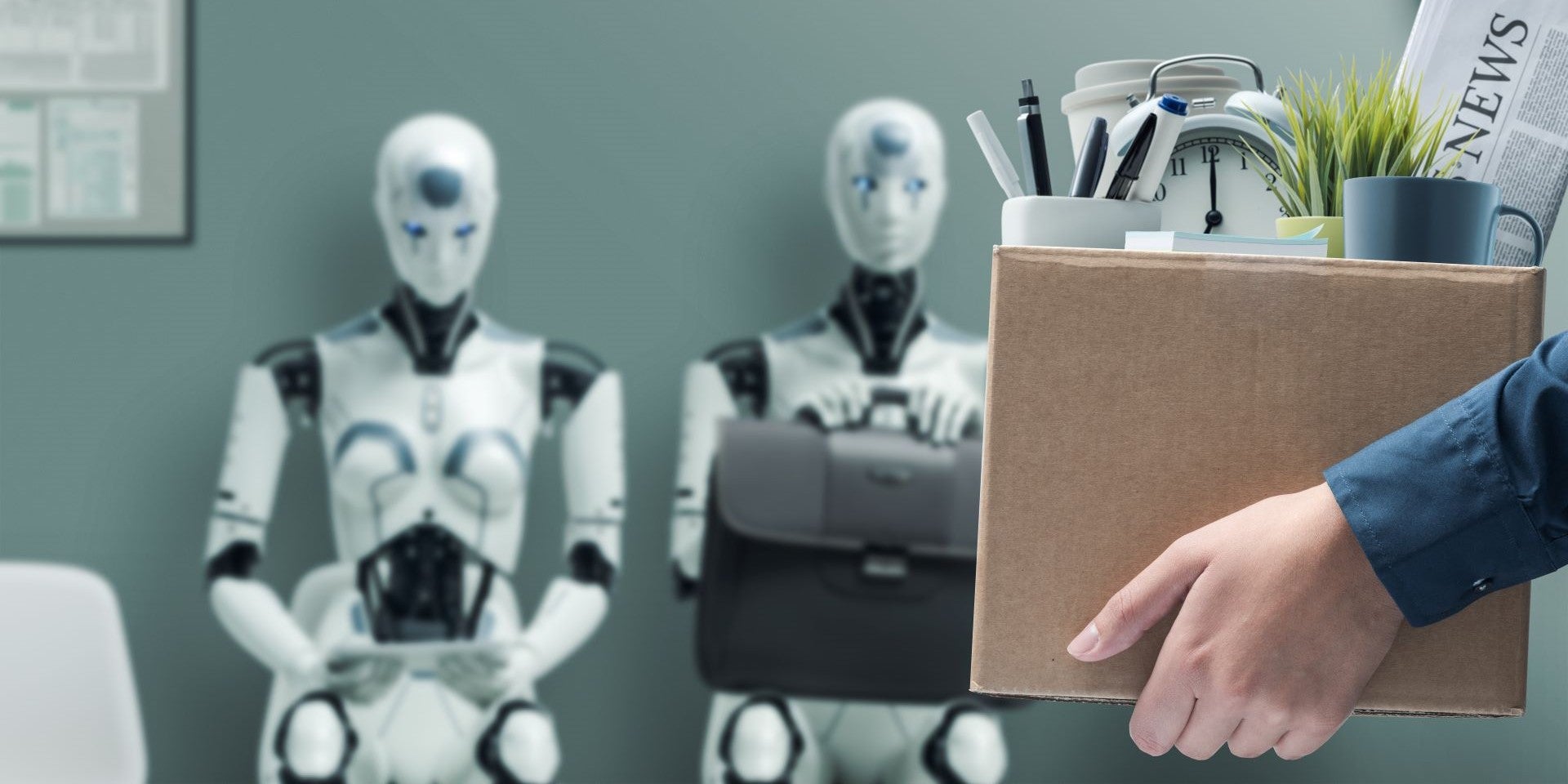 An employee packing up belongings leaving the office while AI robots stand ready to take over their role.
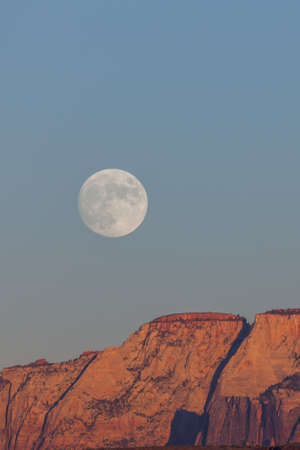 The full moon rising over the dramatic mountains of Zion National Park lit by the setting sun with a clear sky.の写真素材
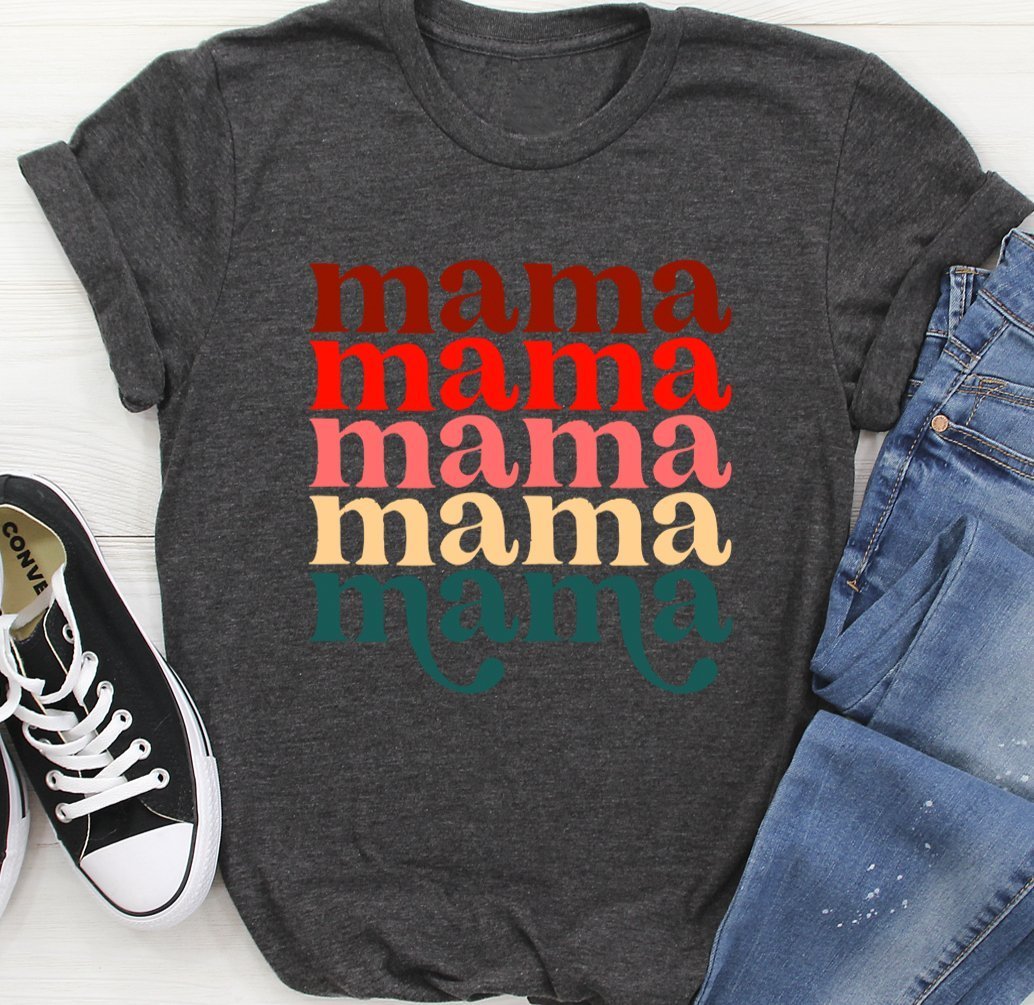 Charcoal gray Mama Vintage Colors T-Shirt laid flat with multicolor 'mama' print, paired with casual jeans and white sneakers.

* * *

*Task statement*: Write out all of the data above exactly, without any of its pictures.

*Answer for this exercise*:
 An employee packing up belongings leaving the office while AI robots stand ready to take over their role.
 The full moon rising over the dramatic mountains of Zion National Park lit by the setting sun with a clear sky.の写真素材
 Charcoal gray Mama Vintage Colors T-Shirt laid flat with multicolor 'mama' print, paired with casual jeans and white sneakers.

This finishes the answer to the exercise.